Cara Membuat Pestisida Nabati dari Daun Pepaya

C
Cara Membuat Pestisida Nabati dari Daun Pepaya

Daun Pepaya ternyata dapat digunakan sebagai pestisida nabati yang dapat membasmi hama tanaman. Pelajari cara membuat pestisida daun pepaya pada artikel ini.

Daun pepaya (Carica papaya) telah lama dikonsumsi oleh bangsa Indonesia untuk berbagai keperluan, diantaranya untuk melunakkan daging, sebagai obat tradisional, maupun sebagai sayuran yang dimasak pada berbagai makanan khas Indonesia.

Selain untuk keperluan konsumsi maupun pengobatan tradisonal, ternyata daun pepaya juga dapat digunakan sebagai bahan pembuat pestisida nabati, yang ampuh untuk membasmi beberapa jenis hama perusak tanaman.

Kandungan daun pepaya

Setelah diteliti secara ilmiah Daun pepaya (Carica papaya) memiliki berbagai macam kandungan zat yang bermanfaat, antara lain yaitu :

  • Kandungan gizi : vitamin A 18250 SI , vitamin B1 0,15 mg, vitamin C 140 mg, kalori 79 kal, protein 8,0 gram, lemak 2 gram, hidrat Arang 11,9 gram, kalsium 353 mg, fosfor 63 mg, zat besi 0,8 mg, air 75,4 gram.
  • Enzim : papain.
  • Zat lain yang dapat digunakan sebagai antibiotik : karpain, kautsyuk, dan karposit

Papain yang banyak terdapat pada getah dan daun pepaya, selain dapat digunakan untuk melunakkan daging, ternyata dapat digunakan sebagai pestisida nabati yang ampuh untuk membasmi beberapa jenis hama tanaman.

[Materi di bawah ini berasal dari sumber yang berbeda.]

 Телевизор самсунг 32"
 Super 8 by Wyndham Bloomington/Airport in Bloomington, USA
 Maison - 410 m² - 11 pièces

Cara Pembuatan Pestisida Daun Pepaya

Membuat pestisida daun pepaya tidak sulit, bahan-bahannya juga dapat ditemukan atau dibeli dengan mudah, yaitu :

  1. Daun pepaya, 1 kg,
  2. Minyak tanah 100 ml,
  3. Sabun detergen 30 mg.

Cara pembuatannya setelah bahan-bahan tadi terkumpul adalah sebagai berikut :

  1. Haluskan daun pepaya, bisa ditumbuk atau menggunakan gilingan, semakin lembut atau halus semakin baik.
  2. Campurkan daun pepaya yang sudah halus dengan 10 liter air bersih.
  3. Tambahkan minyak tanah dan detergan ke dalam air daun pepaya, kemudian aduk sampai rata dan tercampur dengan sempurna.
  4. Setelah bahan-bahan bercampur dengan sempurna, saring dengan saringan halus atau kain saring.
  5. Kemudian larutan daun pepaya yang sudah disaring disimpan selama 24 jam, pada botol kaca yang tertutup.

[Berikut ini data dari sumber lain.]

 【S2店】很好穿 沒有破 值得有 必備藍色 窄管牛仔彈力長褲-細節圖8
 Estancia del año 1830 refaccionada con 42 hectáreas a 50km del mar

Setelah 24 jam pestisida daun pepaya sudah siap untuk digunakan, seperti pestisida nabati lainnya, pestisida dari larutan daun pepaya ini tidak kuat jika disimpan lama, maka sebaiknya segera digunakan setelah selesai dibuat.

Baca juga: Cara membuat Pestisida Alami dari Bawang Putih

Cara Penggunaan Pestisida

Pestisida alami dari daun pepaya sangat efektif bila digunakan untuk membasmi hama tanaman dari jenis ulat dan hewan yang menghisap getah tanaman.

Papain yang terdapat pada daun pepaya akan membunuh ulat yang memiliki tubuh dari daging lunak, serta membuat kutu maupun hama lain yang suka memakan getah tanaman, menjadi tidak berselera untuk memakan getah tanaman yang sudah disemprot dengan pestisida alami ini

Sebelum digunakan larutan daun pepaya yang sudah jadi perlu diencerkan lagi dengan perbandingan 100 ml larutan dicampur dengan 2 liter air dan diaduk sampai rata, kemudian cukup disemprotkan pada bagian tanaman yang diserang hama, selain itu usahakan saat menyemprot agar pestisida mengenai langsung hama yang berada pada tanaman tersebut. Ulangi penyemprotan dalam jarak sekitar 5 -7 hari sampai hama menghilang.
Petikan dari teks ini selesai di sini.